Ultimately Emma Stone and Damien Chazelle's vision make the movie work, but this could've been a lot better. Its heart is in the right place: it feels sincere, joyful, fun-loving, ambitious, majestic... All the things that make the movies it references so special. The music itself is also good, but it falls flat in its execution. It's weird because the musicality of Whiplash was so believable, but here the singing is sub-par, the tap-dancing in particular is kind of a joke, and the main theme is overplayed to a ludicrous degree (I counted like five or six times? Come on--if it's good then two or maybe three times should be plenty). I'm not saying you have to get out there and be Gene Kelly or Astaire/Rogers, but I'll be damned if anyone besides Stone exhibited even a fraction of the electricity required to truly pay homage as intended. Gosling in particular was pretty stone cold. I know that's kind of his thing, but here he seemed miscast.
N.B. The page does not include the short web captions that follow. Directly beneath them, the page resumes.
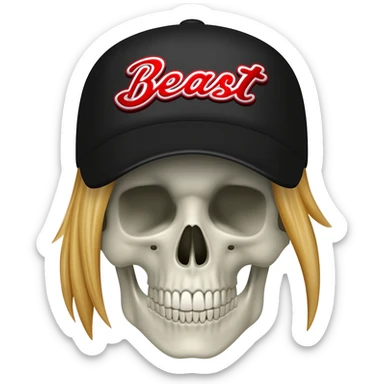 A skullhead thats wearing a black baseball cap with the words "Beast" in red and white with blonde hair sticker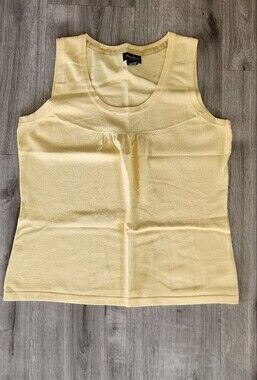 Eddie Bauer Butter Yellow Knit Sleeveless Top Medium NWOT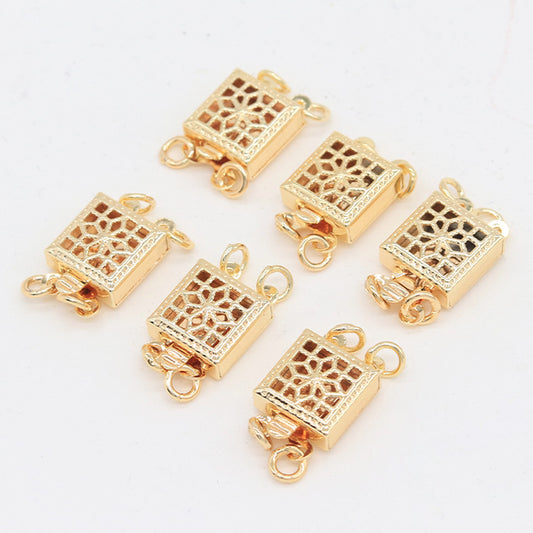 2 connecteurs à Double boucle, fermoir Floral carré creux, connecteur de fermoirs de collier et de Bracelet GF 14K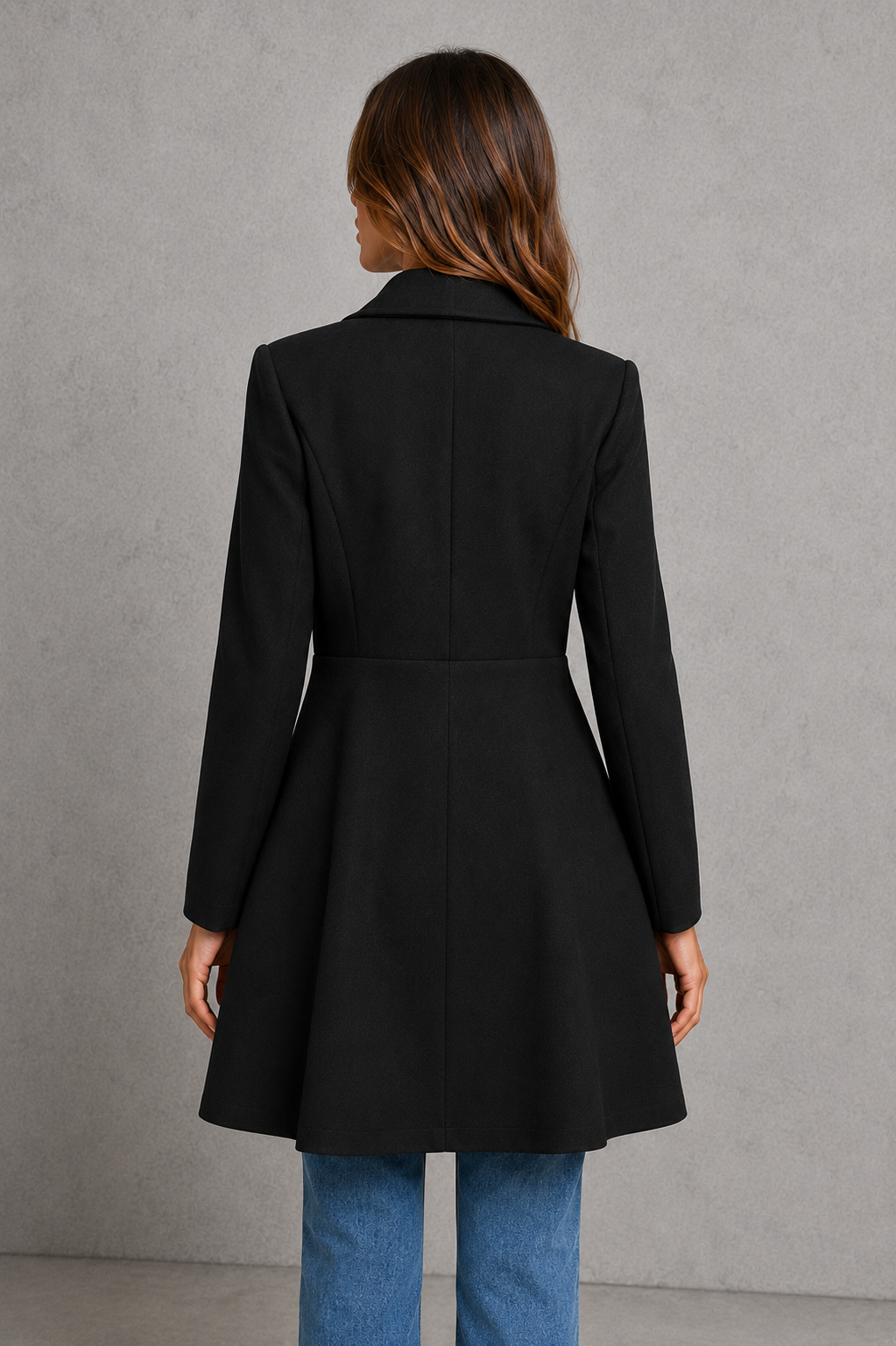 Women's Wool Coat – Fit and Flare, Waterfall Collar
It has some great moments. The planetarium sequence was stunning. The magical realism really fit the tone. It's a shame there were no other moments like that. Emma Stone has never been so arresting. She dominated every scene, and the movie dragged when she wasn't around. The opening number in particular is somewhat of a head-scratcher. The song is good but the long-take emphasis really does it (and other scenes) a disservice--it doesn't seem spontaneous or lively so much as something obviously labored over, the twentieth take where everyone is just a little exhausted and mostly concerned with not making mistakes. There's little doubt in my mind it will win the Oscar for best picture. I will not be upset. Like I said, its heart is in the right place. Emma Stone was fantastic, and I imagine it looked better in Chazelle's head than it does on film. But it feels a little like The Artist in how its pleasures are mostly referential rather than inventive.